Question: Let $f$ be an analytic function in the unit disc $D={z\in C: |z|<1}$. Consider a point $z_0\in D$. Show that there must be a positive integer n such that the n-th derivative of $f$ at $z_0$ satisfies $|f^{(n)}(z_0)| \leq n!n^n$.

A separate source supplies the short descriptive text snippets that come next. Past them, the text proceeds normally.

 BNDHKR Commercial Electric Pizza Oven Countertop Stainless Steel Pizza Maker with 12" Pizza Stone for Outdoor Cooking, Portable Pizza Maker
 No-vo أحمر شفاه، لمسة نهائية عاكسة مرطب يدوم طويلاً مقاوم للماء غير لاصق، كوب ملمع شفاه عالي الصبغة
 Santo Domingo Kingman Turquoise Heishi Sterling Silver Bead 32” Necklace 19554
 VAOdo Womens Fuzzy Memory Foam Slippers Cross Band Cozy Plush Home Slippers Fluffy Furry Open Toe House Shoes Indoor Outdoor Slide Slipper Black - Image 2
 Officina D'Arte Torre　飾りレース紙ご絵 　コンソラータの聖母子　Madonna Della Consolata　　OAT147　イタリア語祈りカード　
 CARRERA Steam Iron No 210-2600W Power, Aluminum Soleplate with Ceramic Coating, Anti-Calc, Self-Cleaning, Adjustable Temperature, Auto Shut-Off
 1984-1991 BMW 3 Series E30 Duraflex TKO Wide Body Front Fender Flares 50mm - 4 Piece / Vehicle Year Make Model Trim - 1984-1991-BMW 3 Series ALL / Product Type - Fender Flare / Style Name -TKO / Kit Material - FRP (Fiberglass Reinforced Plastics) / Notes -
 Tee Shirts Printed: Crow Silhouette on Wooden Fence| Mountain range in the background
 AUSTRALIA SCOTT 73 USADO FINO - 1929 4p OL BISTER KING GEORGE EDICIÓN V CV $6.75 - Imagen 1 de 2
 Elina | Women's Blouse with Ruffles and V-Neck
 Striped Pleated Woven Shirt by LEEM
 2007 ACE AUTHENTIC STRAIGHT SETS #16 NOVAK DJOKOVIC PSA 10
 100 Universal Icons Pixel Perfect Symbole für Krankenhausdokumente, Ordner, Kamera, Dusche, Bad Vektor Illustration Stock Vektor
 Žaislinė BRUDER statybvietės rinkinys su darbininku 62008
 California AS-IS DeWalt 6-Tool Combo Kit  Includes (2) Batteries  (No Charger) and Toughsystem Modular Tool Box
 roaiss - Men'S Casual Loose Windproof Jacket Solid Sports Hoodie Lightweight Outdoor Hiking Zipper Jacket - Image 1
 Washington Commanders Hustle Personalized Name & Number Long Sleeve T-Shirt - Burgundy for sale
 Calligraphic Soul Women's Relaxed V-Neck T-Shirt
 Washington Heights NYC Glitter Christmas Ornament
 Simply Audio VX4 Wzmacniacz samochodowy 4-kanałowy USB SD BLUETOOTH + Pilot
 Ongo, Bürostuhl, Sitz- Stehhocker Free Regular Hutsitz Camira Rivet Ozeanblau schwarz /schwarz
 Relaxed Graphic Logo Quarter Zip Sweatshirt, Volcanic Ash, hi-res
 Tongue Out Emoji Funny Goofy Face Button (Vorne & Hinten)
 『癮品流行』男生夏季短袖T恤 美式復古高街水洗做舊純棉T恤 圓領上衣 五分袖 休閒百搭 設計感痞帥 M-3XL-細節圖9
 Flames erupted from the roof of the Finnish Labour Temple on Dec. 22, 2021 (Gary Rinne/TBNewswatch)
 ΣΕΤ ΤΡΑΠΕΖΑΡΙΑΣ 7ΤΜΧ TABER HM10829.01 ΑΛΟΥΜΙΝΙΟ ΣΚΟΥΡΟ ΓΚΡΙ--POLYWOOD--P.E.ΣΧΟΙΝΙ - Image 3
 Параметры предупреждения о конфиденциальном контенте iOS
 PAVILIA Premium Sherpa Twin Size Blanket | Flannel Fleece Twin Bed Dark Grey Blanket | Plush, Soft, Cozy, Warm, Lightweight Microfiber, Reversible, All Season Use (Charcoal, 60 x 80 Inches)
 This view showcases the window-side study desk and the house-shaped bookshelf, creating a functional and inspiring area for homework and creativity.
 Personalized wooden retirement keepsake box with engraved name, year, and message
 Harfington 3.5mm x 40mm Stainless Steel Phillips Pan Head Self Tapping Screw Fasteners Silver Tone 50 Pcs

Thoughts so far: In class, we discussed power series and their usefulness in proving a variety of facts of complex analysis. Just by rearranging the inequality we see that $\frac{|f^{(n)}(z_0)|}{n!} \leq n^n$. Clearly $\frac{|f^{(n)}(z_0)|}{n!}$ is a term of the Taylor series expansion for $f(z)$, but the $n^n$ term is annoying the royal bananas out of me as I cannot think of a way to get that. I am considering using the ratio ($\lim_{n\to\infty} \frac{\frac{f^{(n)}(z_0)}{n!}}{\frac{f^{(n-1)}(z_0)}{(n-1)!}} = \lim_{n\to \infty} \frac{f^{(n)}(z_0)}{nf^{n-1}(z_0)} \leq 1 \implies \lim_{n\to\infty} \frac{f^{(n)}(z_0)}{f^{n-1}(z_0)} \leq n$) or n root test ($\lim_{n\to\infty} \sqrt[n]{\frac{f^{(n)}(z_0)}{n!}} \leq 1$) for convergence since analyticity implies convergence of the series, but I cannot seem to coax the $n^n$ out of any of my attempts. Also, I am uncertain whether I am using the notion of analyticity and power series correctly.
Thank you in advance for any help that you may provide.